⟨
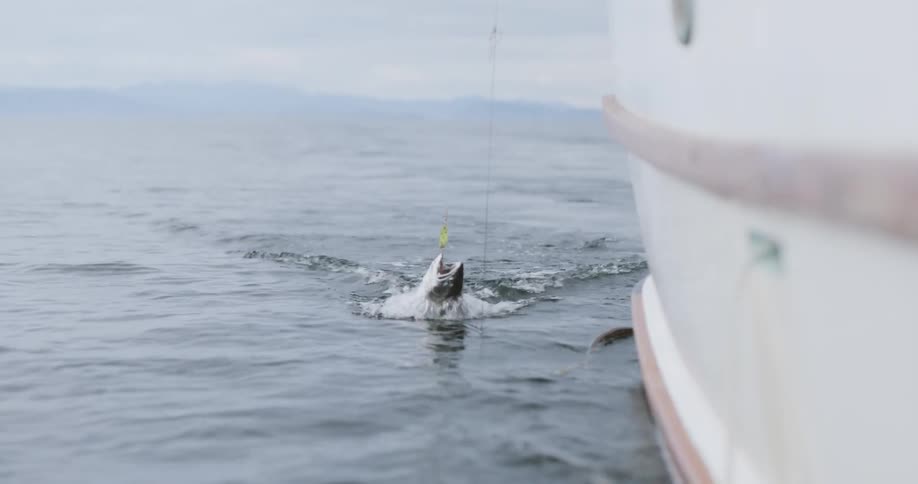 A clip of a fish being caught in the ocean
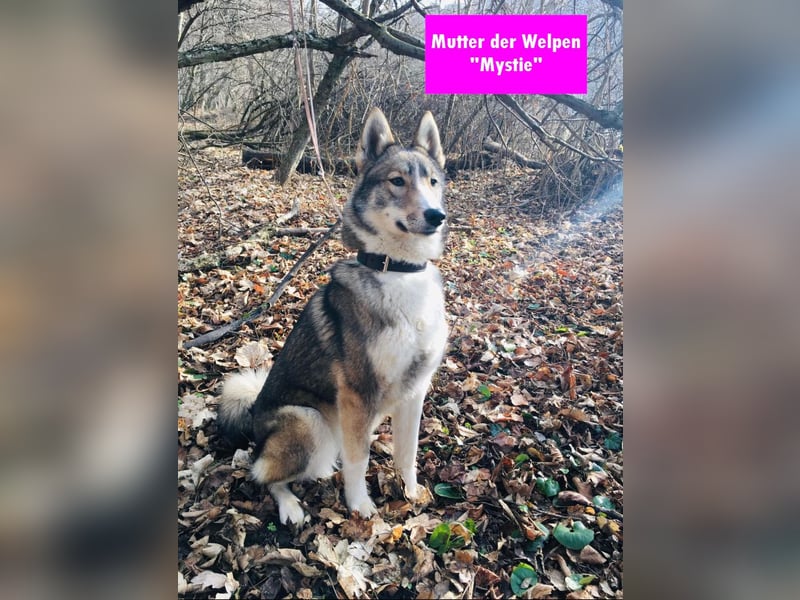 Westsibirische Laika Welpen mit FCI-Papieren – jagdlich geführt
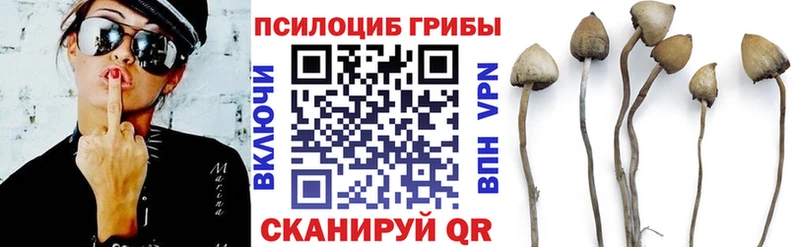 Псилоцибиновые грибы GOLDEN TEACHER  Павловский Посад 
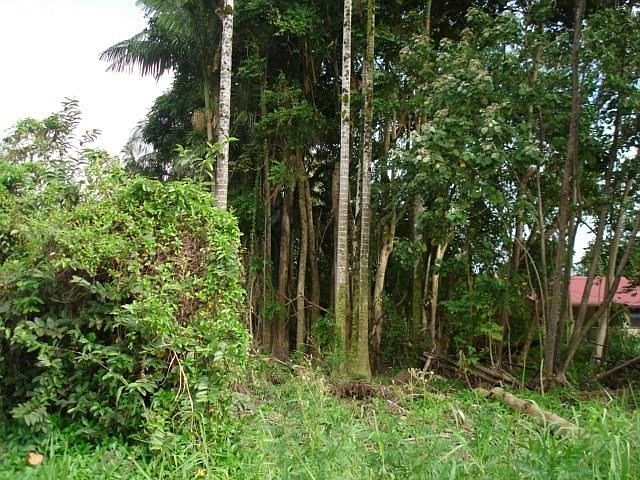 2nd image of LOT 71 55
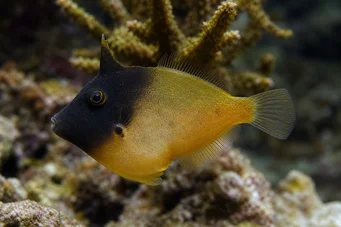 Pervagor melanocephalus (Ryba z czerwonym ogonem)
⟩
» **DESCRIPTION OF THE TASK**
Output only the lines from the line that contains "Westsibirische Laika Welpen" through the end of the material, both ends included, and skip every picture.

» **THE ANSWER**
 Westsibirische Laika Welpen mit FCI-Papieren – jagdlich geführt
 Псилоцибиновые грибы GOLDEN TEACHER  Павловский Посад 
 2nd image of LOT 71 55
 Pervagor melanocephalus (Ryba z czerwonym ogonem)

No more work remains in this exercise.